■ TO DO
Pictures are to be dropped. Everything else in the listing gets copied exactly.
Top of DATA SEGMENT
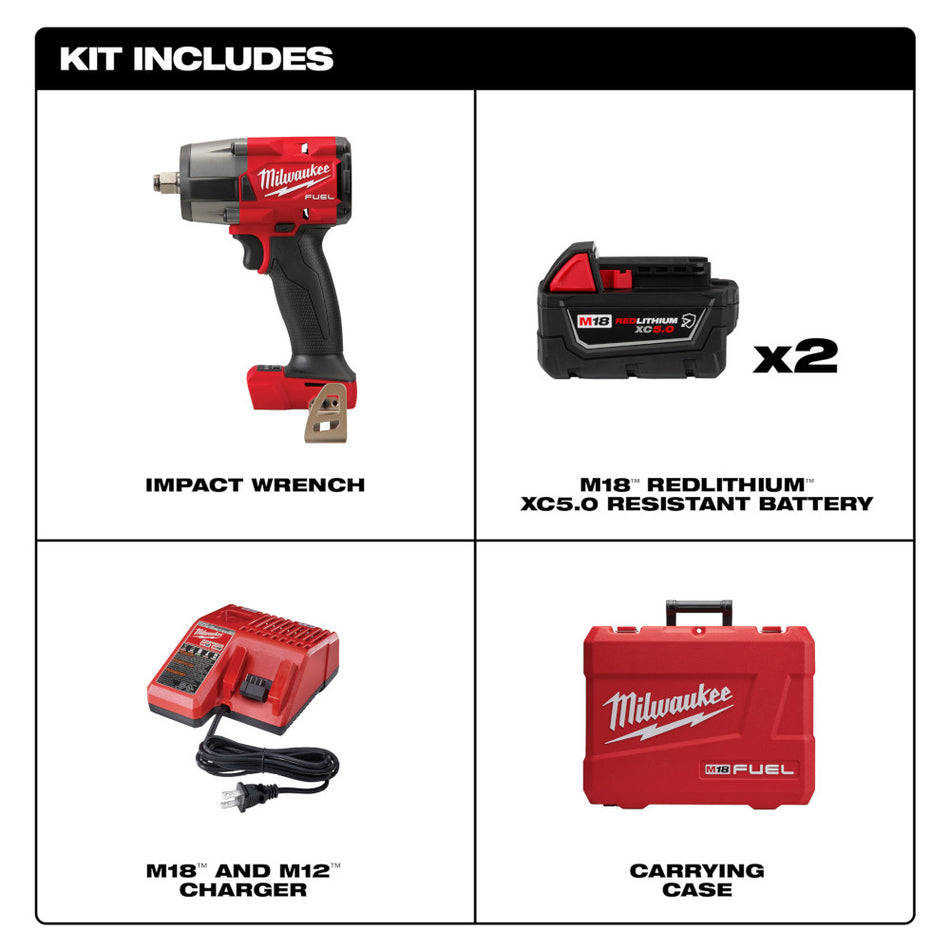 Milwaukee 2962-22R M18 FUEL 1/2" Mid-Torque Impact Wrench w/ Friction Ring Kit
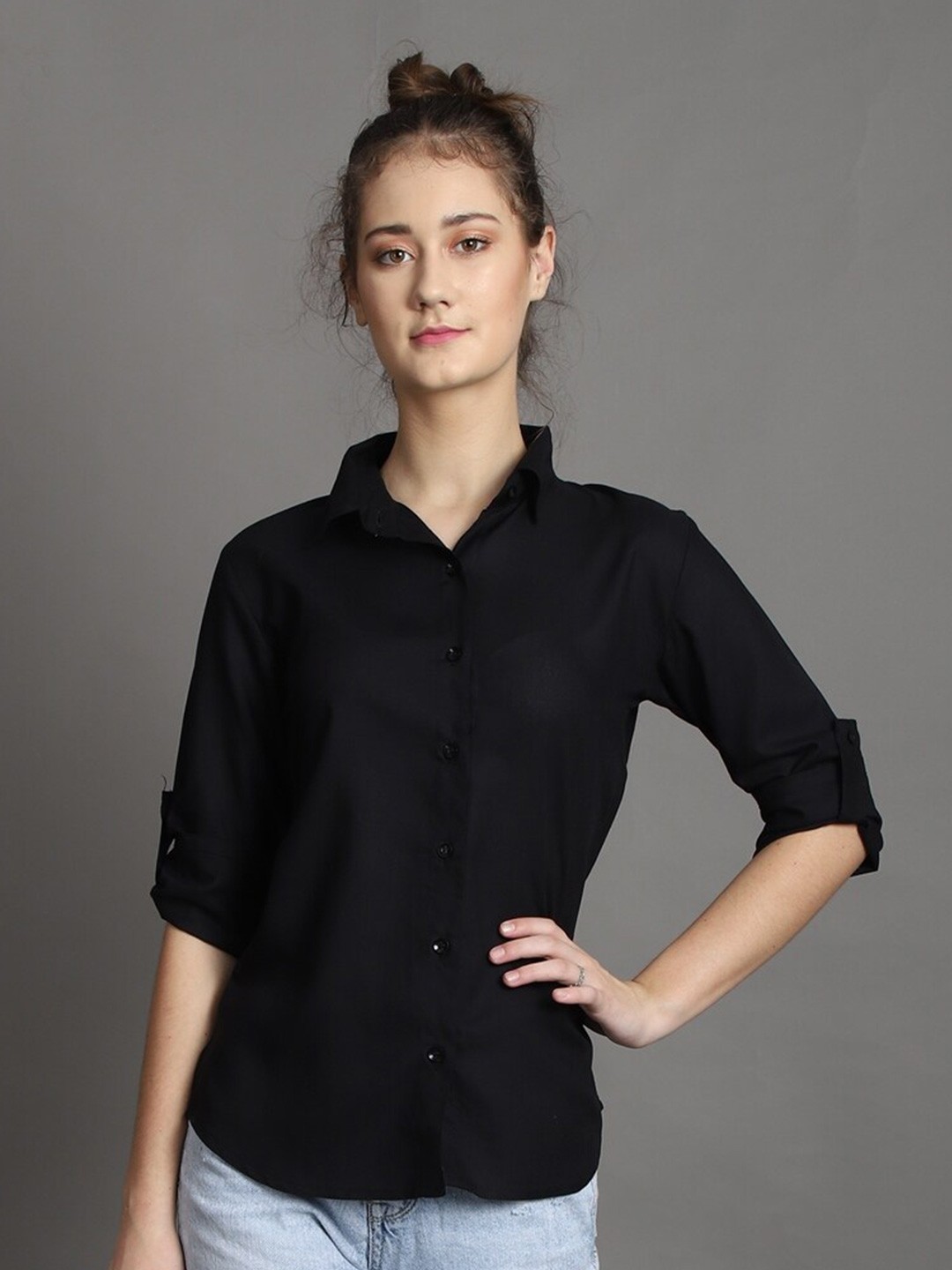 

BAESD Comfort Spread Collar Cotton Casual Shirt, Black
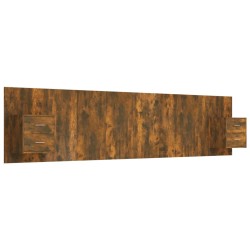 vidaXL Kopfteil mit Nachttischen Räuchereiche Holzwerkstoff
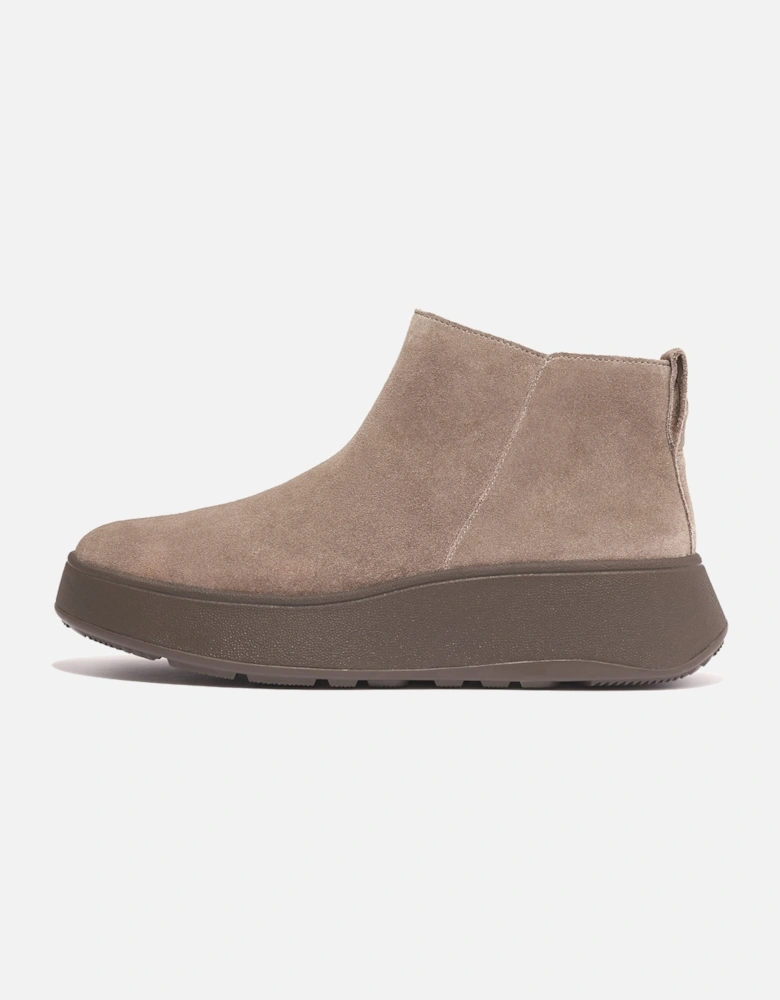 F-Mode Suede Flatform Zip Ankle Boots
Bottom of DATA SEGMENT
■ SOLUTION
 Milwaukee 2962-22R M18 FUEL 1/2" Mid-Torque Impact Wrench w/ Friction Ring Kit

BAESD Comfort Spread Collar Cotton Casual Shirt, Black
 vidaXL Kopfteil mit Nachttischen Räuchereiche Holzwerkstoff
 F-Mode Suede Flatform Zip Ankle Boots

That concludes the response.